# I purchased a laptop. They suggested a new browser called "Brave"



## Paco Dennis (Aug 27, 2022)

My other laptop died, so I purchased a refurbished one for $300. The manager recommended a new browser. "Brave" automatically is focused on privacy. The user has control of how anonymous you want to be. I am trying it. It is faster than any browser I have used. Their search engine is different than google...which is a little weird. Here is a video...kind of technical,  and I will give their website for those interested.






https://brave.com/


----------



## Bellbird (Aug 27, 2022)

Thanks for that. Might be worth a try.


----------



## Kaila (Aug 27, 2022)

I haven't heard of that browser, Paco Dennis.
Let us know how your experience with it, goes for you!


----------



## Paco Dennis (Aug 27, 2022)

So far it is behaving great. I think it is faster than the other browsers I've tried. It also lets you decide which search engine you want to use.

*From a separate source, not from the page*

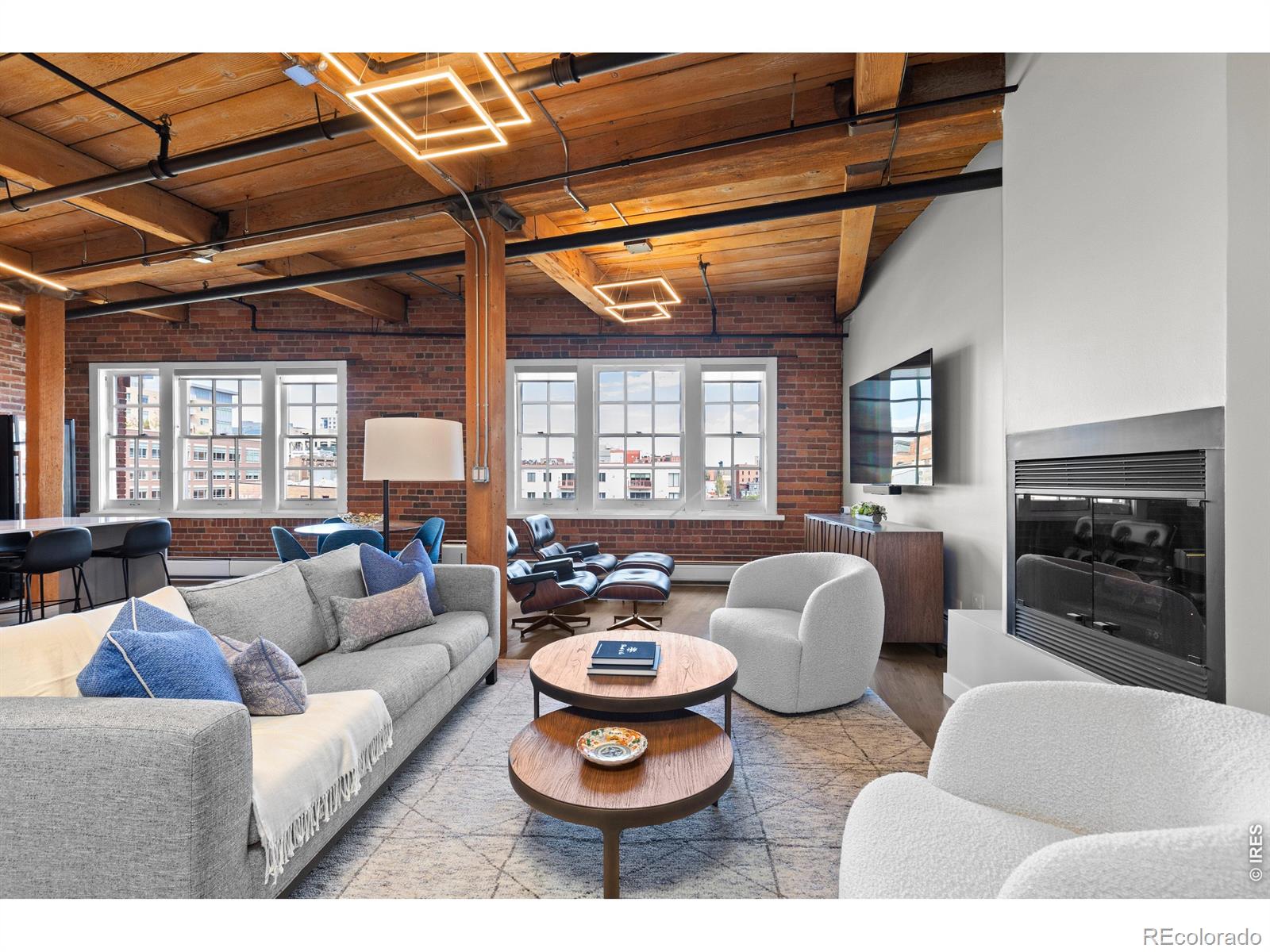 MLS Image #0 for 1616  14th street,denver, Colorado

DuckDuck Go, Bing, Google, some others. It has some very unique features also...like earning bit-coin from letting some ads through....too weird for me, but some might like to get into that aspect of it. I give it an A- so far.


----------



## Mr. Ed (Aug 28, 2022)

I use Brave, I like it


----------



## Kaila (Aug 28, 2022)

Paco Dennis said:


> So far it is behaving great. I think it is faster than the other browsers I've tried. It also lets you decide which search engine you want to use. DuckDuck Go, Bing, Google, some others. It has some very unique features also...like earning bit-coin from letting some ads through....too weird for me, but some might like to get into that aspect of it. I give it an A- so far.


Very interesting.  Thanks for the feedback on it.


----------



## PamfromTx (Aug 28, 2022)

Paco Dennis said:


> So far it is behaving great. I think it is faster than the other browsers I've tried. It also lets you decide which search engine you want to use. DuckDuck Go, Bing, Google, some others. It has some very unique features also...like earning bit-coin from letting some ads through....too weird for me, but some might like to get into that aspect of it. I give it an A- so far.

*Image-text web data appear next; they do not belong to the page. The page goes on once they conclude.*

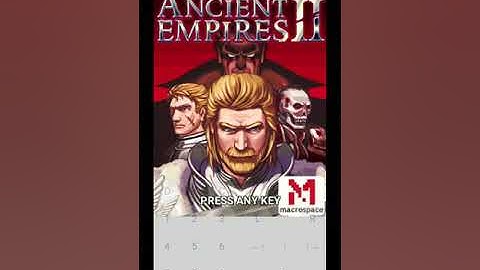 Cara Bermain Game Java di Android Tanpa Root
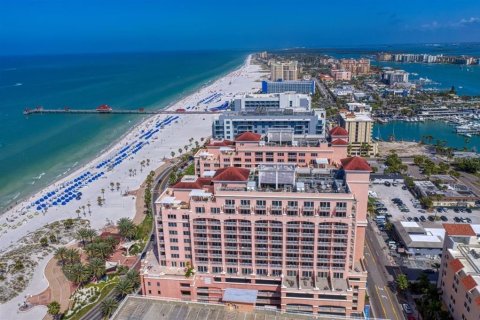 Condo in Clearwater, Florida, 3 bedrooms  № 236038 - photo 24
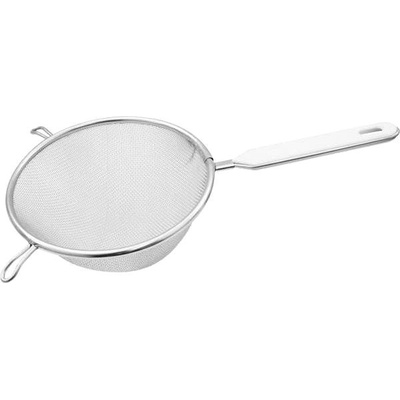 Fackelmann Síto kuchyňské pozinkované 16 cm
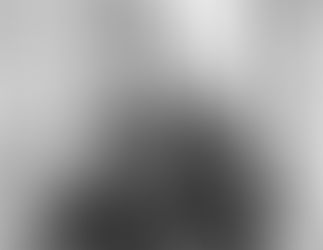 Local History: Pioneer Edom Shugart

Hubby broke the laptop and I won't let him buy a new one.  It is beyond repairable.  GRRRRRRRRRRRRRRRRRrrr....


----------



## Flarbalard (Aug 28, 2022)

@ Paco Dennis  Thank you, I'll give it try.


----------



## Lavinia (Aug 29, 2022)

I use Brave for my Facebook page, and a different browser for my general searches. This way, I can keep the Facebook open but clear cookies after every session on the other one.


----------



## OneEyedDiva (Aug 29, 2022)

Brave is not new. I've been using it for more than a year. It has it's good points and some not so good. It has the ad blocking feature built in. I always use Brave when I'm on SF. One day it crashed so I used Chrome. I noticed ads popping up so I thought SF had added ads to get revenue or something. When Brave was up and running again, no ads on SF.  I have trouble connecting to a couple of sites when I use Brave. And I still haven't figured out how to make it so that my bookmarks are saved across devices, like with Chrome. I tried to do it for Brave but something glitchy happened twice, so I just gave up.


----------



## ManjaroKDE (Aug 29, 2022)

Delete


----------